The trailer for The Witches

Roald Dahl's 1983 children's fantasy novel The Witches begins with a simple declaration: "This is not a fairy tale." Witches, the unnamed boy narrator claims, are real. They live among us, demons indistinguishable from real women, hell-bent on murdering children. The boy is matter-of-fact about this frightening reality, but also urgent—he is relaying the immediate threat of a global network of bloodthirsty child predators. It's an intimate, conspiratorial opener, drawing readers in by whispering the secret truths grown-ups usually don't want them to know: not only is the world not safe for the young, it's unfair, treacherous, and cruel.

As the story progresses, the narrator recounts his fateful encounter with the wicked Grand High Witch—the big, bad boss of all the witches around the world—along with every witch in England, a run-in that shapes his life. While on vacation with his grandmother at a seaside resort, he stumbles into a hush-hush witch conference, where the Grand High Witch explains a plot to turn all the world's children into mice. (The witches disguise themselves as a society against cruelty towards children.) In classic Dahl fashion, there's a surfeit of jokes about bodily functions, an unkind depiction of a fat kid as a greedy idiot, and vividly drawn villains who speak in rhyme. The boy and his grandmother ultimately foil the witches' scheme, but the ending is more melancholic than happily-ever-after: the narrator is transformed into a mouse by the witches; even after outwitting them, he cannot change back. He takes his predicament in stride, comforted by the knowledge that he won't outlive the only person in the world who loves him, but still—it's a children's story where the hero is doomed to premature death. Dark! It's a macabre, gripping tale, one which has remained a perennial favorite for kids since its debut more than 35 years ago. The Witches, like Dahl's best work, taps into a wavelength that acknowledges the dark edges of childhood in a way that so much young adult literature does not: puerile and mean and honest. People who hate children think they smell like shit. Strangers with candy have bad intentions. Parents die. And sometimes kids do too.

The new adaptation of The Witches, out on HBO Max this week, doesn't totally carry this brutal worldview forward. It begins with a monologue modeled after the book's opener. It's narrated over a slide show that even includes snippets of Dahl's original text (including "Witches are REAL!"). But even though many of the words are the same, the tone is quite different. The narrator begins by sputtering out a cough, then says, "Alright, where were we?" as though he's a substitute teacher trying to figure out which slide of the presentation he's on. He also sounds unmistakably like Chris Rock.

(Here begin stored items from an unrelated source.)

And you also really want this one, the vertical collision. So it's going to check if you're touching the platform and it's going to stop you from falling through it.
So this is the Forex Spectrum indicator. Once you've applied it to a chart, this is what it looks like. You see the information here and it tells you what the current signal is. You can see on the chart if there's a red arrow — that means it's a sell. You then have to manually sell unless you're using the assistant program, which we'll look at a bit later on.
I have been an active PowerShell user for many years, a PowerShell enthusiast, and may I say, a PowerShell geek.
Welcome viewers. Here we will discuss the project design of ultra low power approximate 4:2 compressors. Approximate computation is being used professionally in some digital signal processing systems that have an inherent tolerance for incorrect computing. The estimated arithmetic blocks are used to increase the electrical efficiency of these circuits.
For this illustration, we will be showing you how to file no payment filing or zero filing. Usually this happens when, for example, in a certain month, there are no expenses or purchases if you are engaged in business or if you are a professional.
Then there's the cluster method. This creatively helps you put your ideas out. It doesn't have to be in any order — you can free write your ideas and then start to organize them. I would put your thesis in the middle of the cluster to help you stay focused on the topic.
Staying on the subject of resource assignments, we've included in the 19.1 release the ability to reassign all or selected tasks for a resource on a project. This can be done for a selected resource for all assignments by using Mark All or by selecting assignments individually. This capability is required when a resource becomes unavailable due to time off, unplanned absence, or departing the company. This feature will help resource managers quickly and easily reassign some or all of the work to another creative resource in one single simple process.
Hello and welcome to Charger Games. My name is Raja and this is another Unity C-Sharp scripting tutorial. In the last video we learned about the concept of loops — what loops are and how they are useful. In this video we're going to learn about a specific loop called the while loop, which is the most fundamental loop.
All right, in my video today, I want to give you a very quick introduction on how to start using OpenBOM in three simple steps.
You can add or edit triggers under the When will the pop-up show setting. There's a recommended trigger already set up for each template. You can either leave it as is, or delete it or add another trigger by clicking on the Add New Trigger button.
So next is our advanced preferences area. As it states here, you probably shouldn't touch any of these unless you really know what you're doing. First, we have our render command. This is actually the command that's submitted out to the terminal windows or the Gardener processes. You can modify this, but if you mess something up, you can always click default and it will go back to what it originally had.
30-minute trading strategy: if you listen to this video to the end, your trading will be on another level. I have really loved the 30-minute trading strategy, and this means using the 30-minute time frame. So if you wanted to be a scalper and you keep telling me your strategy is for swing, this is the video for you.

Because he is voiced by Chris Rock. No knock to Rock, who has an excellent voice—his "Lil' Penny" commercials should be playing on a loop in the Louvre—but his jocular, bemused timbre here conjures a much different atmosphere than the book's prologue. Instead of tugging viewers aside to offer a warning, it opens like a classroom lecture about something that happened long ago. It's the first of many signs that this version of The Witches, directed by Robert Zemeckis, is a substantial departure in sensibility from its source material.